- **Task statement**: Repeat the lines below exactly as written, please, from the line with "カスミのなみだ ポケモンカード 旧裏面 ●有" to the line with "Karnataka police arrested", both lines included, and no others.

- **Records supplied**:
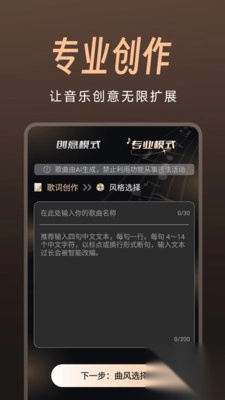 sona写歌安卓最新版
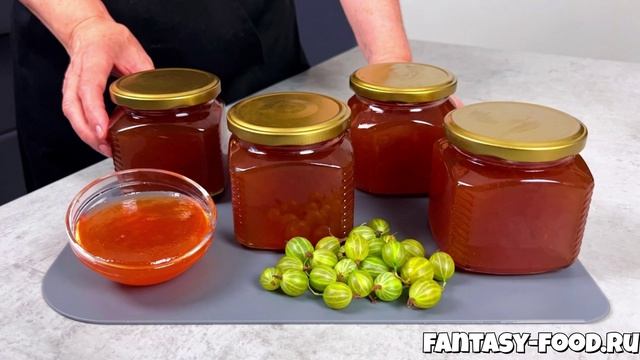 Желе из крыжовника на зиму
==
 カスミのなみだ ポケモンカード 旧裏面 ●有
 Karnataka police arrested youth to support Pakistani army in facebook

- **Output**:
 カスミのなみだ ポケモンカード 旧裏面 ●有
 Karnataka police arrested youth to support Pakistani army in facebook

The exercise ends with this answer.